Fazal Majid's low-intensity blog

Sporadic pontification

Fazal

Parallelizing the command-line

Single-thread processor performance has stalled for a few years now. Intel and AMD have tried to compensate by multiplying cores, but the software world has not risen to the challenge, mostly because the problem is a genuinely hard one.

Shell scripts are still usually serial, and increasingly at odds with the multi-core future of computing. Let’s take a simple task as an example, converting a large collection of images from TIFF to JPEG format using a tool like ImageMagick. One approach would be to spawn a convert process per input file as follows:

#!/bin/sh
for file in *.tif; do
  convert $file `echo $file|sed -e 's/.tif$/.jpg/g' &
done

This does not work. If you have many TIFF files to convert (what would be the point of parallelizing if that were not the case?), you will fork off too many processes, which will contend for CPU and disk I/O bandwidth, causing massive congestion and degrading performance. What you want is to have only as many concurrent processes as there are cores in your system (possibly adding a few more because a tool like convert is not 100% efficient at using CPU power).

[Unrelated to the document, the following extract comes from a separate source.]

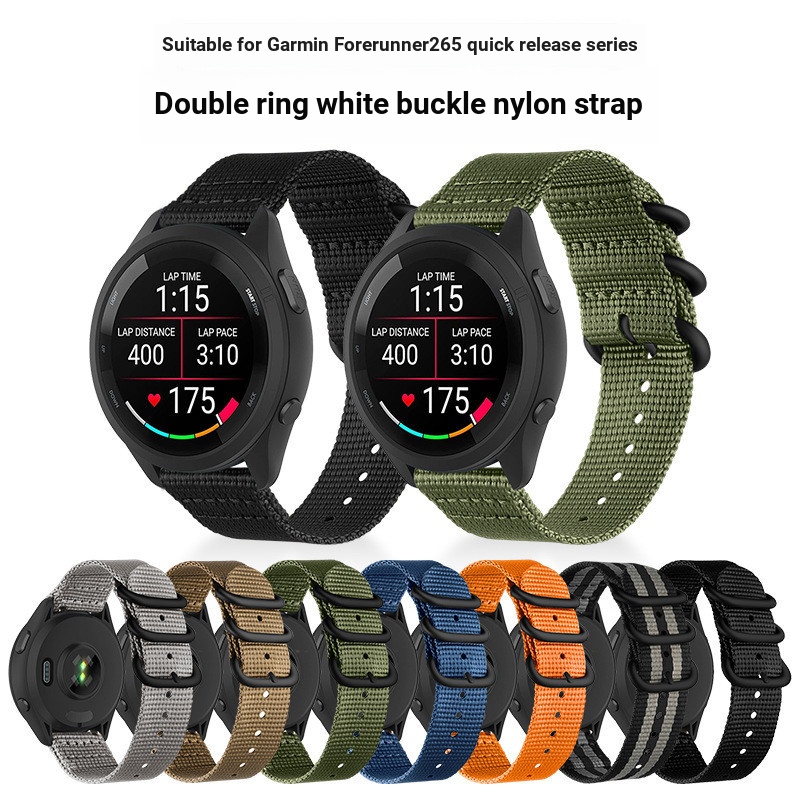 Thích hợp cho Garmin Garmin Pioneer965 / 955 / 945 / 935 / 255 / 265 Dây đeo thể thao Dây đeo Nylon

This way you can tap into the full power of your system without overloading it.

The GNU xargs utility gives you that power using its -P flag. xargs is a UNIX utility that was designed to work around limits on the maximum size of a command line (usually 256 or 512 bytes). Instead of supplying arguments over the command-line, you supply them as the standard input of xargs, which then breaks them into manageable chunks and passes them to the utility you specify.

The -P flag to GNU xargsspecifies how many concurrent processes can be running. Some other variants of xargs like OS X’s non-GNU (presumably BSD) xargs also support -P but not Solaris’. xargs is very easy to script and can provide a significant boost to batch performance. The previous script can be rewritten to use 4 parallel processes:

#!/bin/sh
CPUS=4
ls *.tif|sed -e 's/.tif$//g'|gxargs -P $CPUS -n 1 -I x convert x.tif x.jpg

On my Sun Ultra 40 M2 (2x 1.8GHz AMD Opterons, single-core), I benchmarked this procedure against 920MB of TIFF files. As could be expected, going from 1 to 2 concurrent processes improved throughput dramatically, going from 2 to 3 yielded marginal improvements (convert is pretty good at utilizing CPU to the max). Going from 3 to 4 actually degraded performance, presumably due to the kernel overhead of managing the contention.

benchmark

Another utility that is parallelizable is GNU make using the -j flag. I parallelize as many of my build procedures as possible, but for many open-source packages, the usual configure step is not parallelized (because configure does not really understand the concept of dependencies). Unfortunately there are too many projects whose makefiles are missing dependencies, causing parallelized makes to fail. In this day and age of Moore’s law running out of steam as far as single-task performance is concerned, harnessing parallelism using gxargs -P or gmake -j is no longer a luxury but should be considered a necessity.

The Albanian scenario

People are only now beginning to realize the real estate bubble of the noughties was naught but a gigantic pyramid scheme. There is unexpected resistance to the idea of bailing out the investment bankers who did most to get us in this mess (while paying themselves handsomely to do so), and one of the counter-proposals is to give money to insolvent mortgage owners, i.e. reward the imprudent over those who followed the rules, did not lie about their income on a loan application. Economists call this moral hazard.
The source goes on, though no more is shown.